UGC NET Economics Unit 3 -Statistics and Econometrics

1. Probability Theory

Concept of Probability:

Probability measures the likelihood of an event occurring.
It always lies between 0 and 1.

$P (A) = \frac{Number of favourable outcomes}{Total number of outcomes}$

0 → Impossible event
1 → Certain event

Types of Probability:

Classical – based on equally likely outcomes (e.g., coin toss).
Empirical – based on past data (e.g., rainfall probability).
Subjective – based on personal judgment.

🔹 Important Concepts:

Independent Events: Occurrence of one doesn’t affect another.
Mutually Exclusive Events: Cannot occur simultaneously.
Conditional Probability:

$P (A ∣ B) = \frac{P (A \cap B)}{P (B)}$
Bayes’ Theorem: Used for revision of probabilities based on new information.

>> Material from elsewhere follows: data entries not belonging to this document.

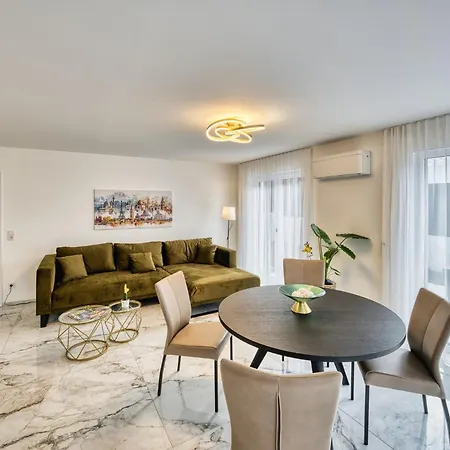 Appartamento Modernes Grosses Zentrumsnah Business Und Urlaub *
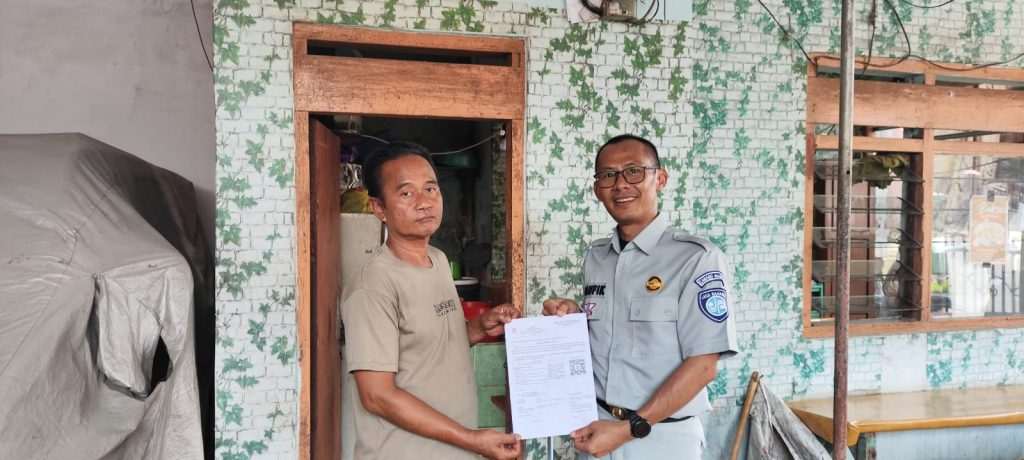 Taufik beserta tim Jasa Raharja Wilayah Banten kunjungi pemilik kendaraan di Rangkasbitung, Desa Kolelet Wetan, Desa Narimbang Mulia dan Desa Muara Ciujung Timur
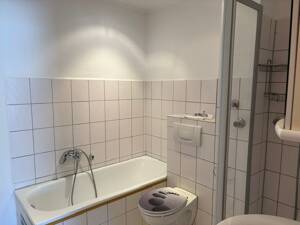 ATTRAKTIVE 2-ZIMMER-DACHGESCHOSSWOHNUNG MIT BALKON UND LIFT IN GEPFLEGTER WOHNANLAGE – 48145 Münster – Vorschaubild 7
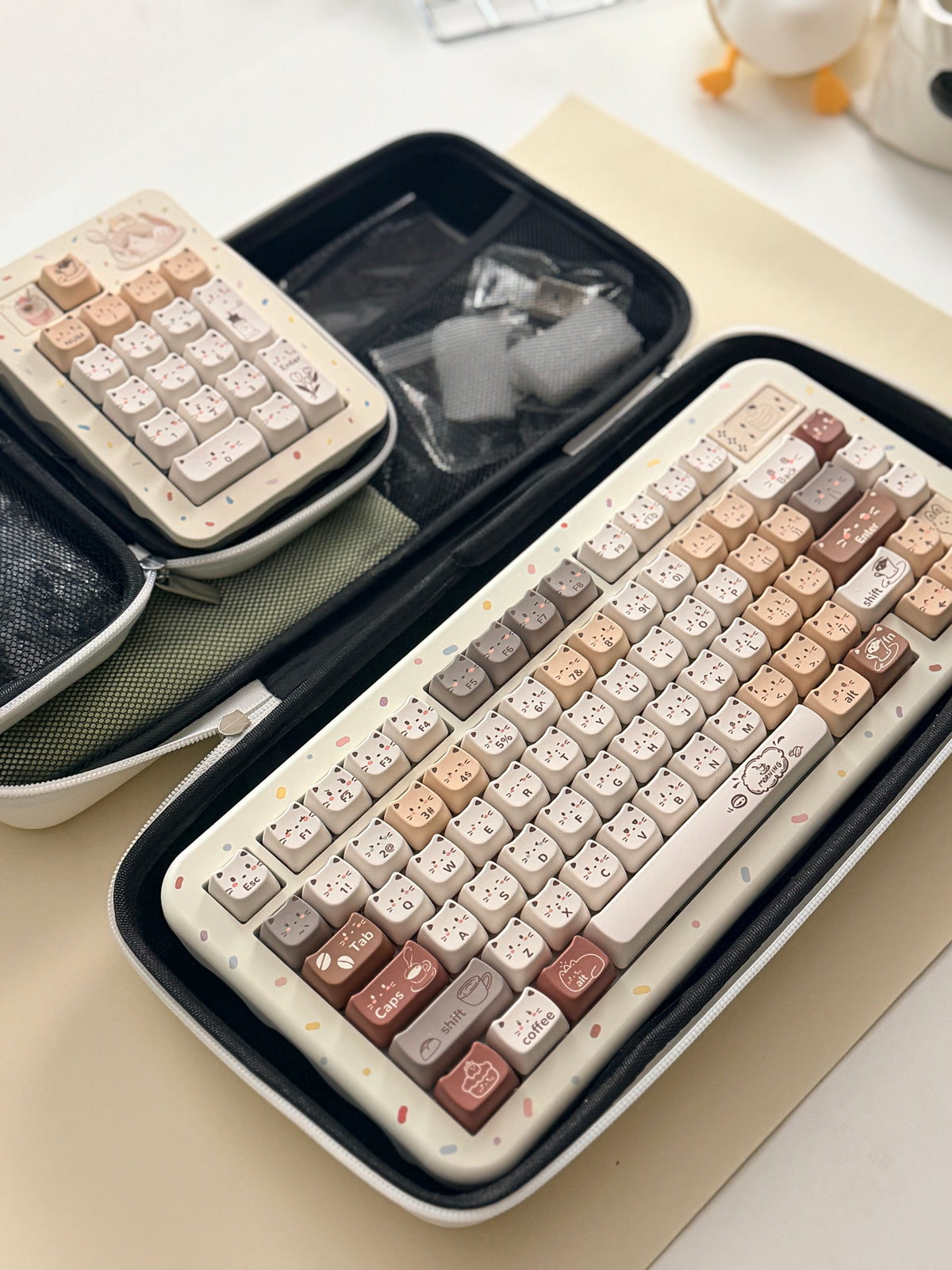ONLY 1 Instock Prebuilt Aluminum Custom Mechanical Keyboard Cake75 Cream Milk Tea Sugar Sprinkle & Pad Set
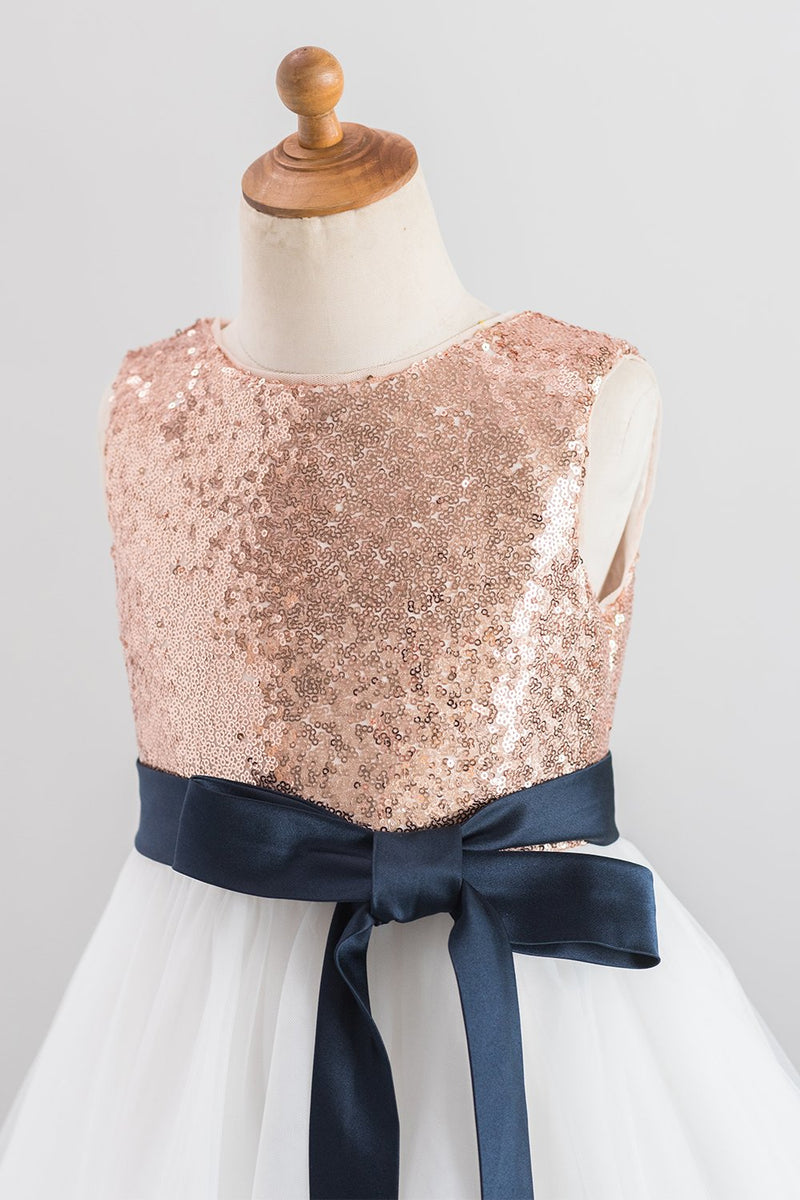 Carregar imagem no visualizador da galeria, Vestido de menina flor branca com lantejoulas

2. Probability Distributions

Discrete Distributions:

Binomial Distribution:

$P (x) = (\binom{n}{x}) p^{x} q^{n - x}$

Used for success-failure experiments.
Poisson Distribution:
Used when events are rare and independent (e.g., accidents).

$P (x) = \frac{e^{- λ} λ^{x}}{x!}$

🔹 Continuous Distribution:

Normal Distribution:
Bell-shaped curve; symmetric around mean.
Mean = Median = Mode.
Used in sampling, hypothesis testing, etc.

3. Moments and Central Limit Theorem

🔹 Moments:

Moments describe shape of a distribution.

1st moment → Mean
2nd moment → Variance
3rd moment → Skewness (asymmetry)
4th moment → Kurtosis (peakedness)

🔹 Central Limit Theorem (CLT):

As sample size increases, the sampling distribution of the sample mean approaches a normal distribution, regardless of population distribution.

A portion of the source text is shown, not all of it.